▶ _Directions for this task_: Where the listing below reaches the line containing "Anti-EIF5 / Eukaryotic", start writing out lines exactly, and stop once the line containing "影像PPT - 【病例】腹腔胃大弯旁血肿1例CT影像-16" has been written.

▶ _Listed entries_:
----------

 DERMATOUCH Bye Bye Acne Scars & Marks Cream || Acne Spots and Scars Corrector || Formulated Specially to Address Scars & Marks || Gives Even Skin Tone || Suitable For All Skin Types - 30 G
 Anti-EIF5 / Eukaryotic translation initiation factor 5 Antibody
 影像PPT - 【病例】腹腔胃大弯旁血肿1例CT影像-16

----------

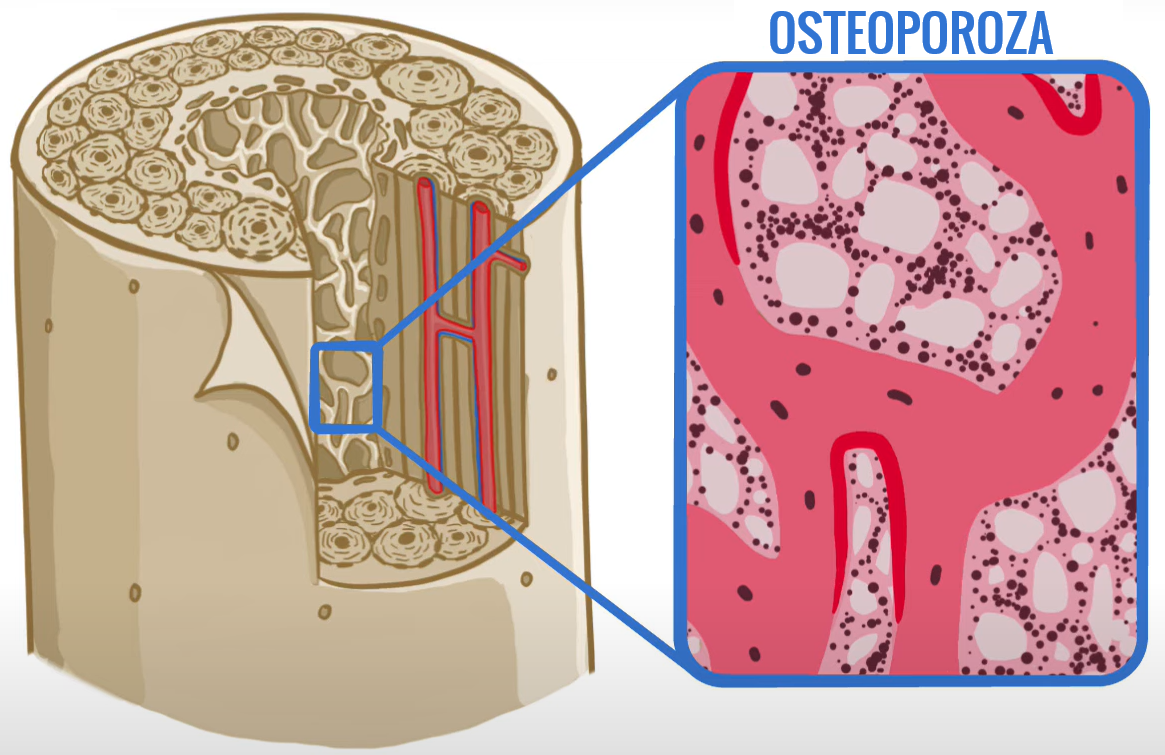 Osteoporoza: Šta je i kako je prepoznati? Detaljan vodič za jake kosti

----------

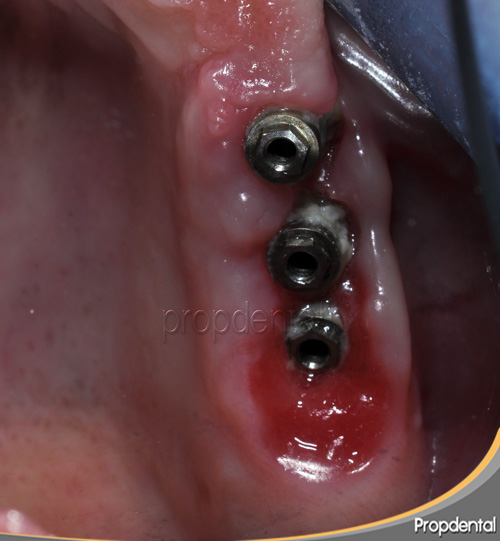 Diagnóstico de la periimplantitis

----------

▶ _Exercise solution_:
 Anti-EIF5 / Eukaryotic translation initiation factor 5 Antibody
 影像PPT - 【病例】腹腔胃大弯旁血肿1例CT影像-16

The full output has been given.